The result was Dido, an adaptation of Virgil's epic Aeneid in the original Latin.

Elizabeth said: 'I've injected a few of the Latin verses back into my translation to give people the chance to hear how it would have sounded in 1583 – iambic senarii and lyric metres, and the Virgilian vocabulary.

'Gager was able to take entire sections of Virgil and incorporate them into his work. It was Elizabethan-style plagiarism but of a wholly acceptable kind because he was able to show off his skills as a Latinist and transpose Virgil's canonical lexicon into something new. 

'At the time, everyone would have been familiar with the story of Dido and the fall of Troy, so it was a challenge for the playwright to dramatise that and do something clever with it.'

One example of Gager's playfulness involves a scene in which Aeneas's son, Ascanius, is brooding on the collapse of his home at Troy, having heard his father’s tale of the city’s fall the previous evening at dinner.

Elizabeth said: 'Dido asks him what the matter is, and he replies that he is thinking about his father's story from the night before and is beginning to imagine Troy in the features of a giant pudding on the banquet table – for example, the river Simoeis and the place where the wooden horse was brought in.

'It would have been a large marzipan dessert, and we’ll be recreating it on the night.'

The authentic Elizabethan menu to be enjoyed by the 240 guests was created by Christ Church head chef Chris Simms.
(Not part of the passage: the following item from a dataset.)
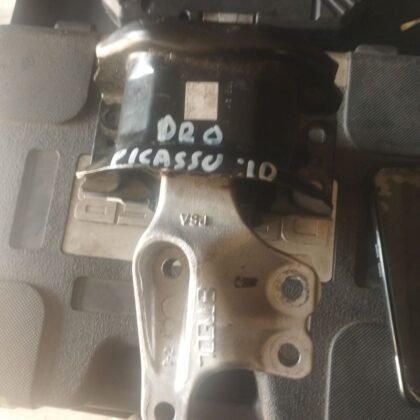 Soporte Motor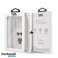 Case Karl Lagerfeld KLHCS69SLFKPI for Samsung Galaxy S20 Ultra G988 har image 2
Gager's Dido will form part of a double bill on Saturday, sharing the stage with Marlowe’s Dido, Queen of Carthage. Both will be performed by all-male casts, just as they would have been in the late 16th century. Attendees will be able to compare and contrast the two adaptations ahead of a conference, titled 'Performing Dido', to be held by EDOX the following day.

EDOX was formed around 18 months ago by Elizabeth Sandis, Dr James McBain and Professor Elisabeth Dutton, who is directing Dido. The project, partly funded by the British Academy, is undertaking a systematic study of plays written and/or performed in the Oxford colleges between 1480 and 1650.